⟨

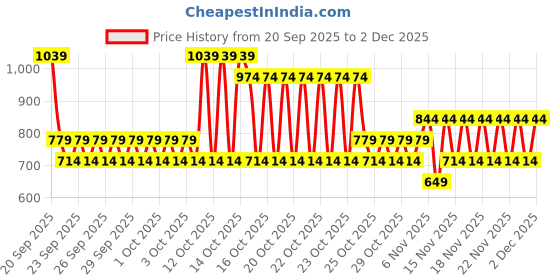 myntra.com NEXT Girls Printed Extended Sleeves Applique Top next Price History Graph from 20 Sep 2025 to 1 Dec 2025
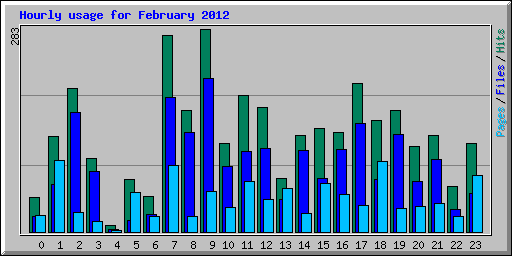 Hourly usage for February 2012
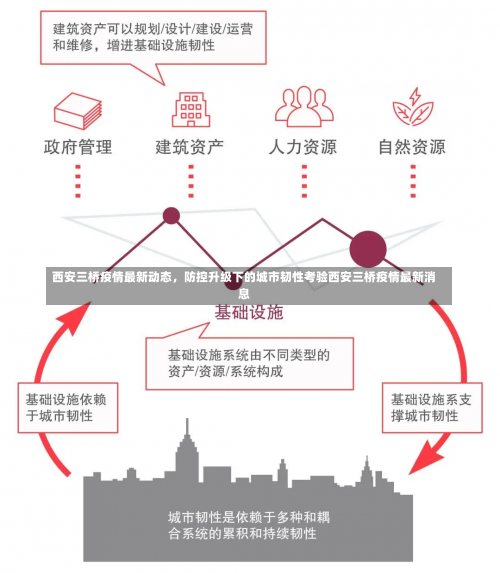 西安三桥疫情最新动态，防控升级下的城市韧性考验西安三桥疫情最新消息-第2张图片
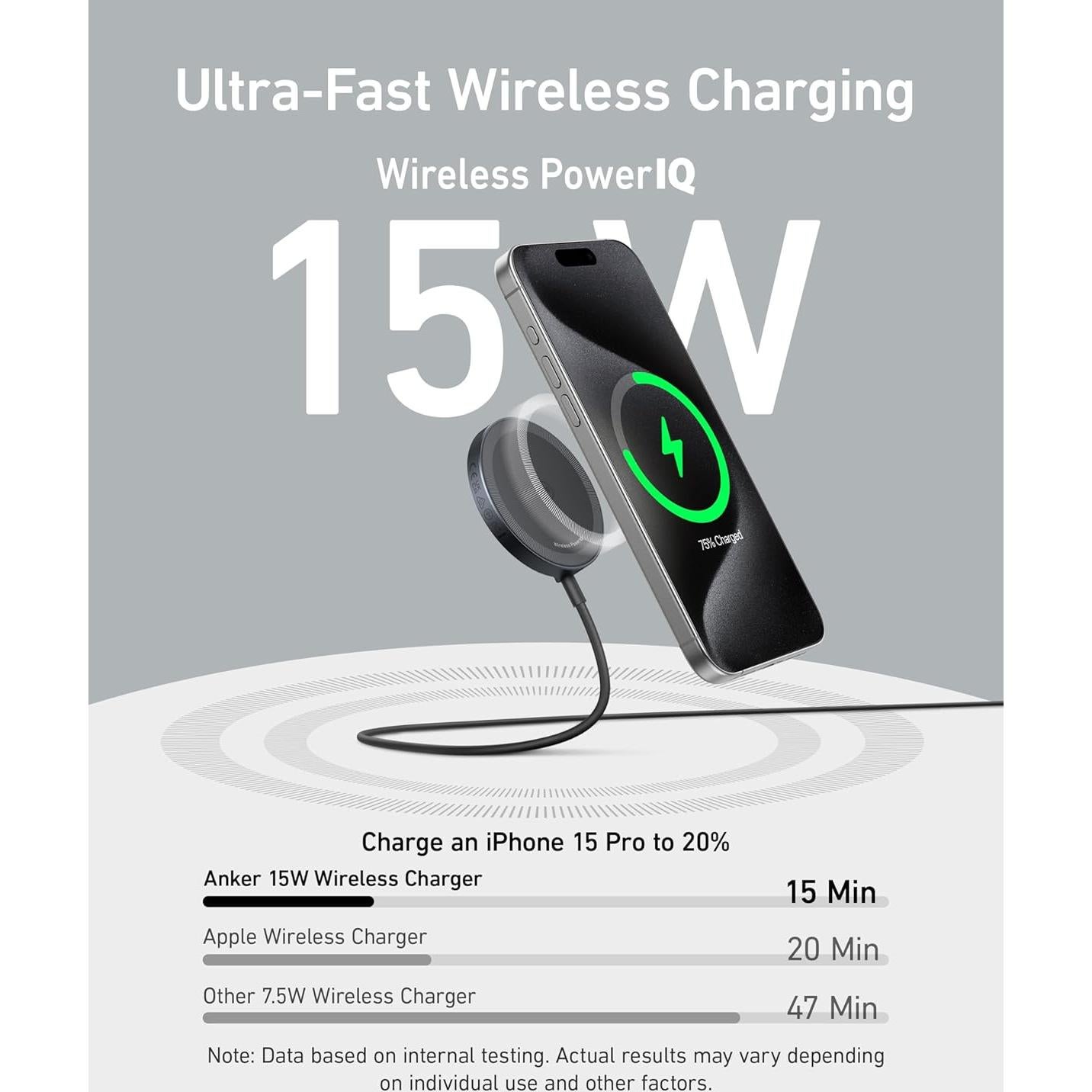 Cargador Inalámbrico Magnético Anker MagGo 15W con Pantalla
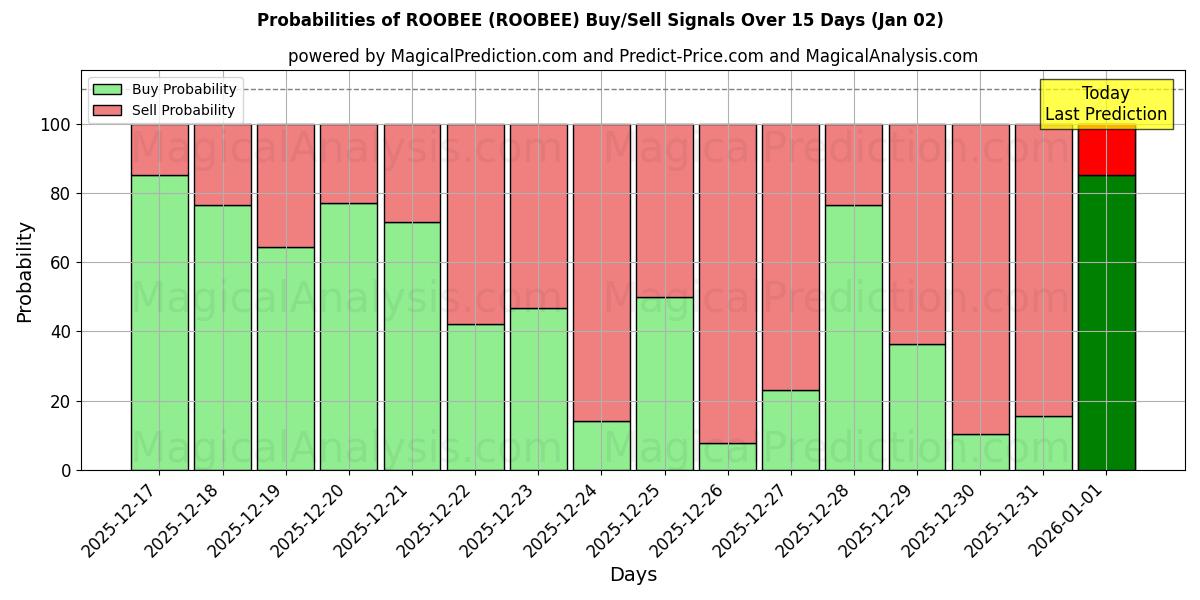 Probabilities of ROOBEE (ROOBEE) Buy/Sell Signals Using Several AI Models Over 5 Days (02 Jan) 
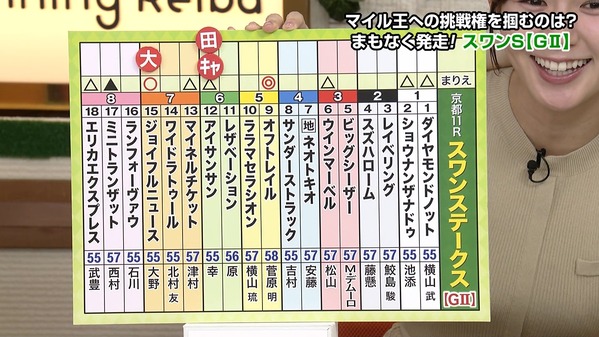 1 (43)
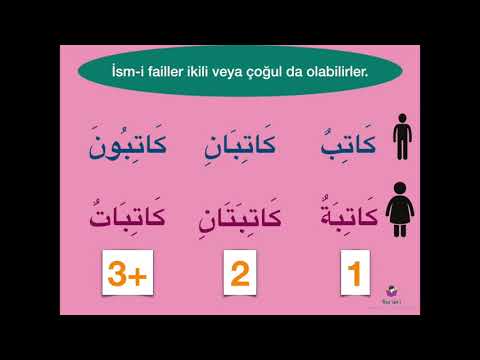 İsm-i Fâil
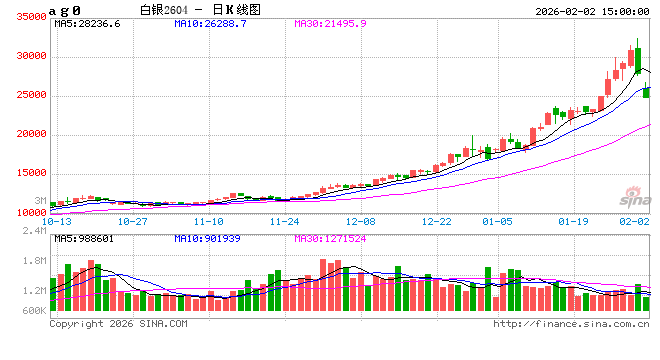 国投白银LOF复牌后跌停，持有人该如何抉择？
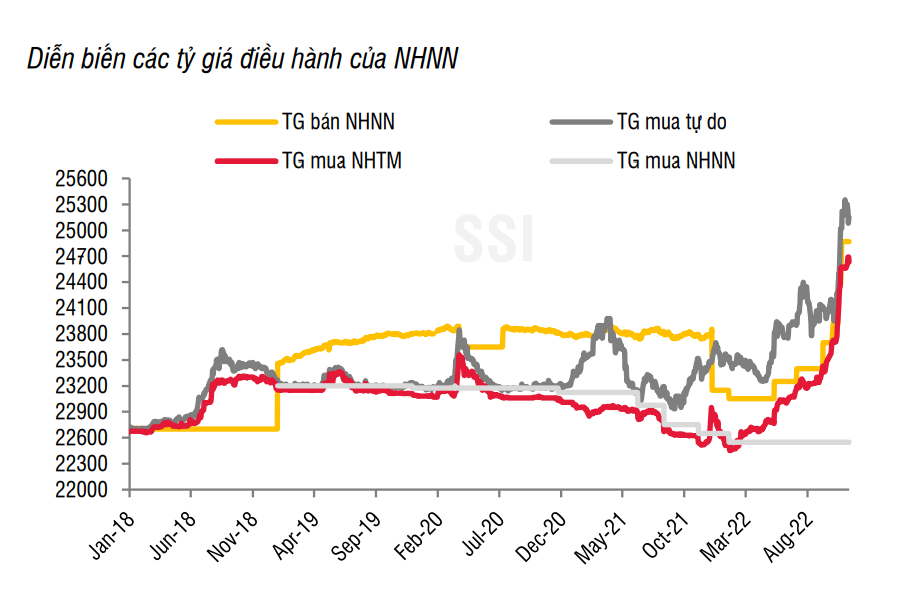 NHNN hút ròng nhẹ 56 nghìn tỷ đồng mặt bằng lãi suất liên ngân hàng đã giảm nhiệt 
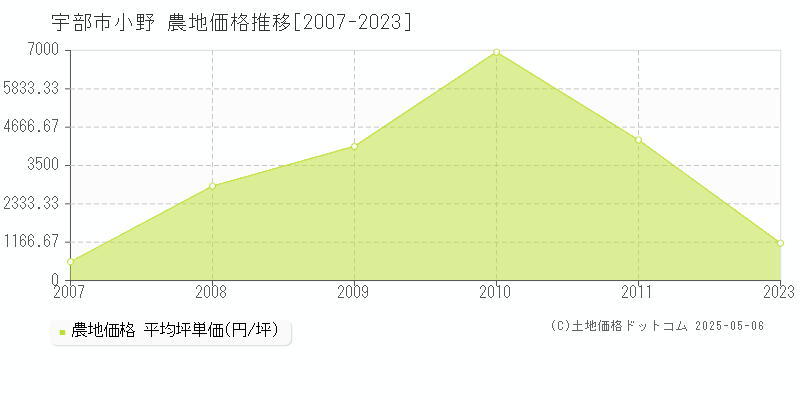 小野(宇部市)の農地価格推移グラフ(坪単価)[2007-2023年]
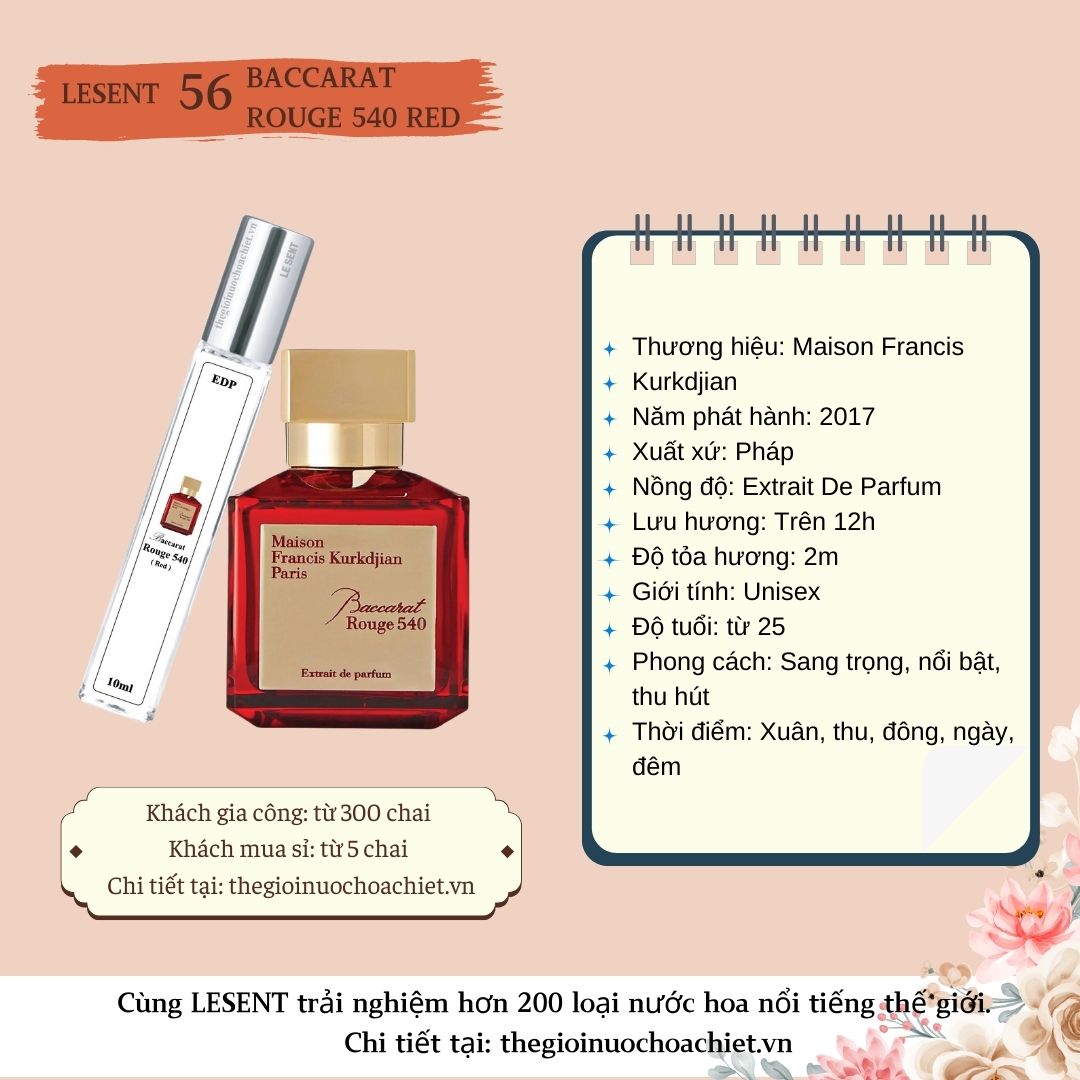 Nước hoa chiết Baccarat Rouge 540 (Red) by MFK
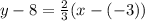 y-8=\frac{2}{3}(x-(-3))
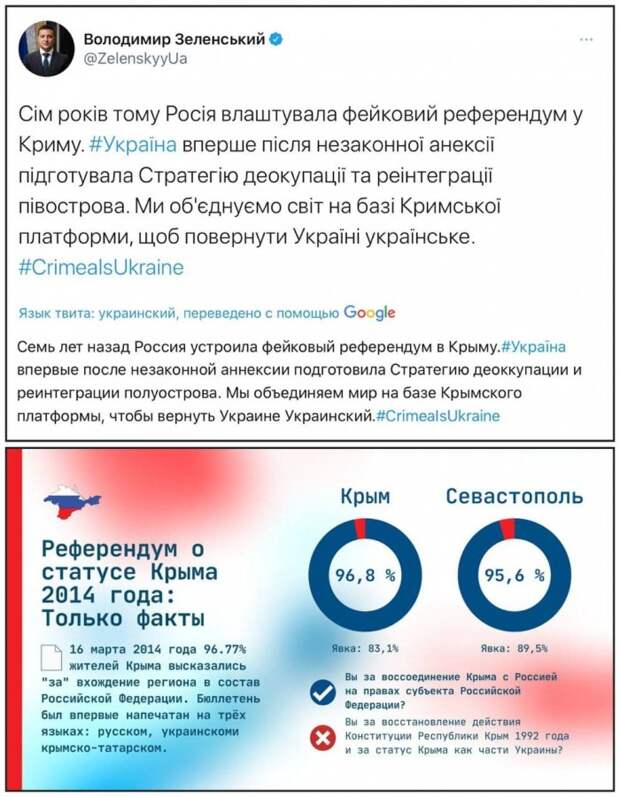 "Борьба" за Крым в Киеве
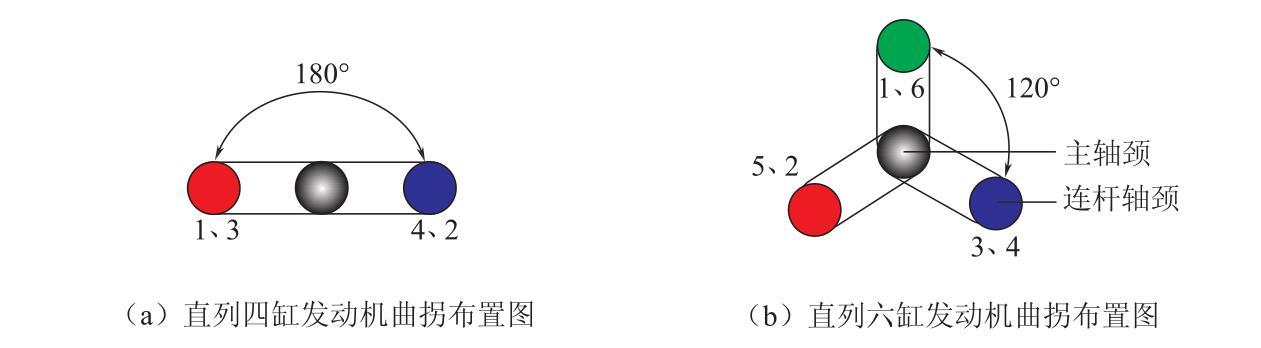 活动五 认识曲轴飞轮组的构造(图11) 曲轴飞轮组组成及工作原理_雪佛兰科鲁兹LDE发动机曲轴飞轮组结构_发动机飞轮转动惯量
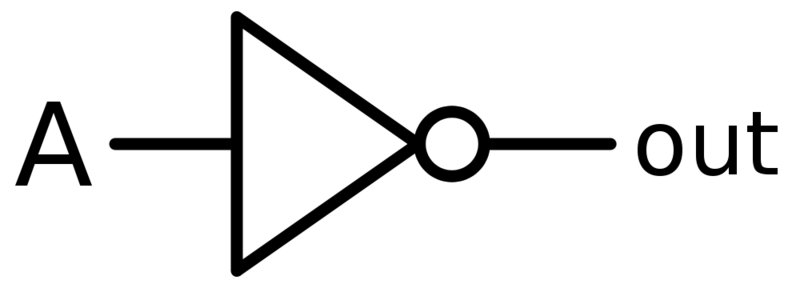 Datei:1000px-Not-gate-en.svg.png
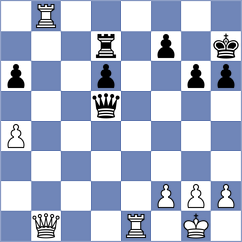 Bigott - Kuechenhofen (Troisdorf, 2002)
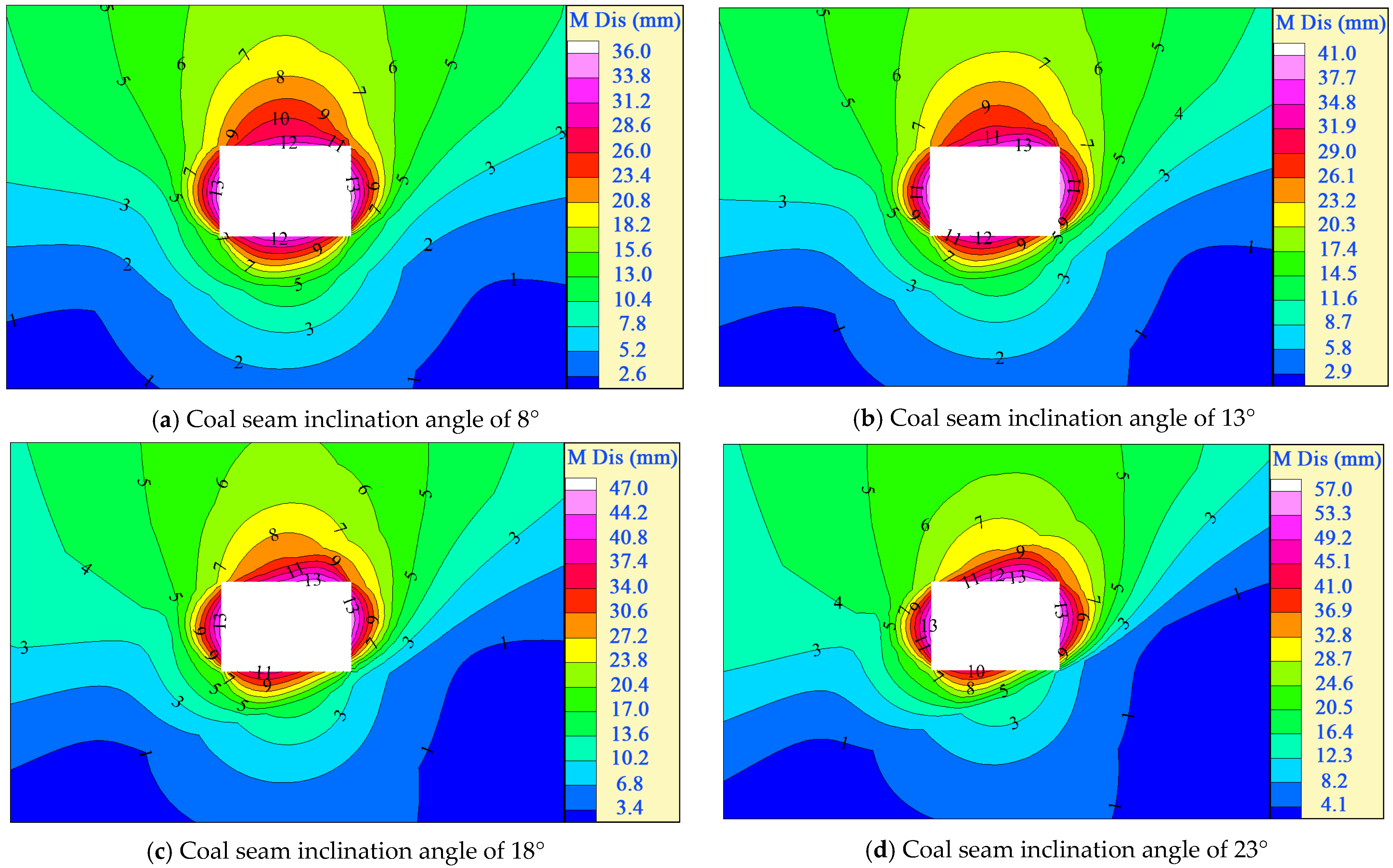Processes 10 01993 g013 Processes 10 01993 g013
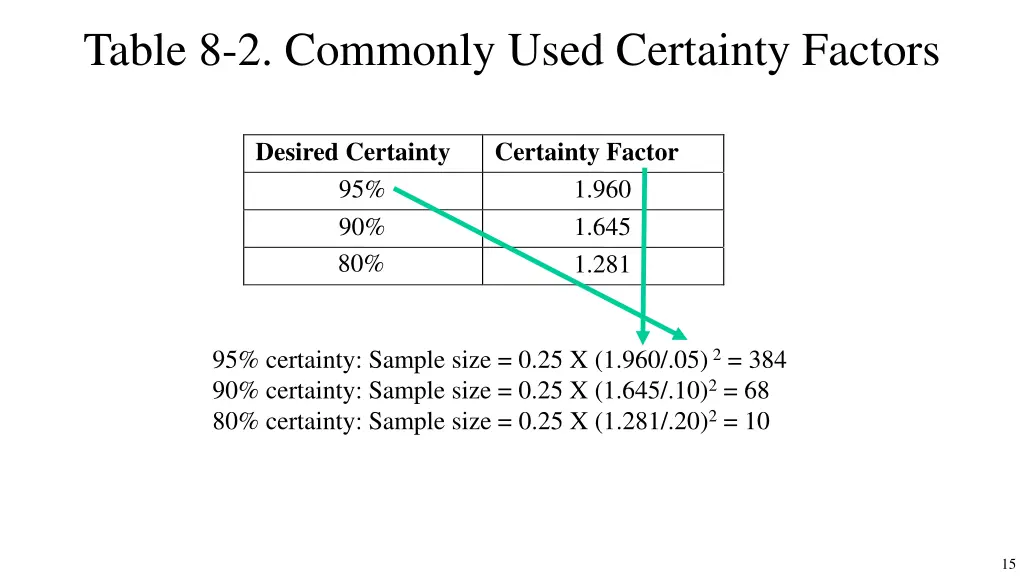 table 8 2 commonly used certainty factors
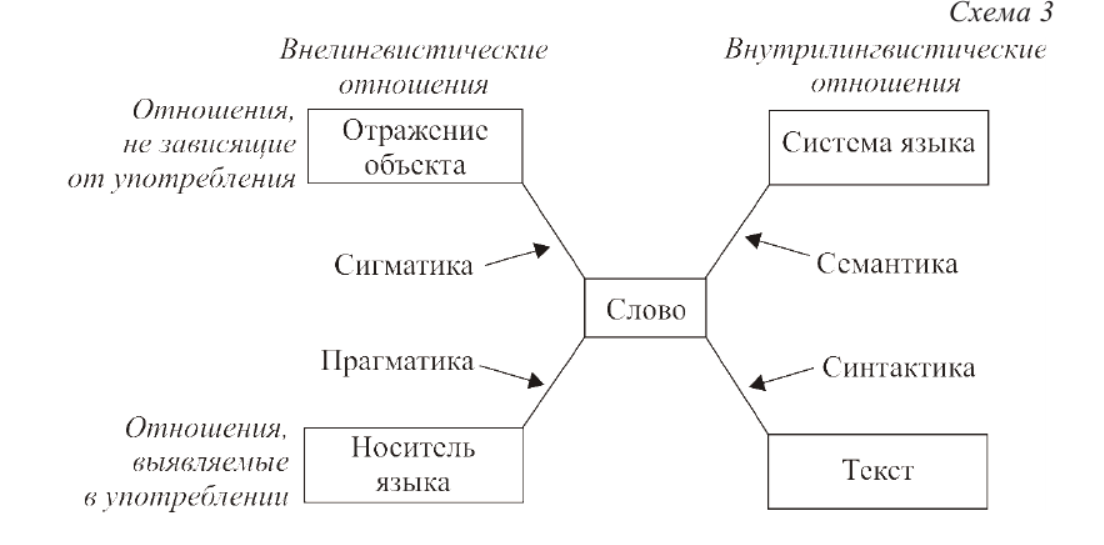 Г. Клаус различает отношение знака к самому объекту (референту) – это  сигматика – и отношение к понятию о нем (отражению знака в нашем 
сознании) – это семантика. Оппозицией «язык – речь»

⟩

* **WHAT TO WORK ON**
Leave out the pictures, and write out exactly the lines from the one containing "NHNN hút ròng" through the last line of the listing, both included.

* **YOUR RESPONSE**
 NHNN hút ròng nhẹ 56 nghìn tỷ đồng mặt bằng lãi suất liên ngân hàng đã giảm nhiệt 
 小野(宇部市)の農地価格推移グラフ(坪単価)[2007-2023年]
 Nước hoa chiết Baccarat Rouge 540 (Red) by MFK
 y-8=\frac{2}{3}(x-(-3))
 "Борьба" за Крым в Киеве
 活动五 认识曲轴飞轮组的构造(图11) 曲轴飞轮组组成及工作原理_雪佛兰科鲁兹LDE发动机曲轴飞轮组结构_发动机飞轮转动惯量
 Datei:1000px-Not-gate-en.svg.png
 Bigott - Kuechenhofen (Troisdorf, 2002)
Processes 10 01993 g013 Processes 10 01993 g013
 table 8 2 commonly used certainty factors
 Г. Клаус различает отношение знака к самому объекту (референту) – это  сигматика – и отношение к понятию о нем (отражению знака в нашем 
сознании) – это семантика. Оппозицией «язык – речь»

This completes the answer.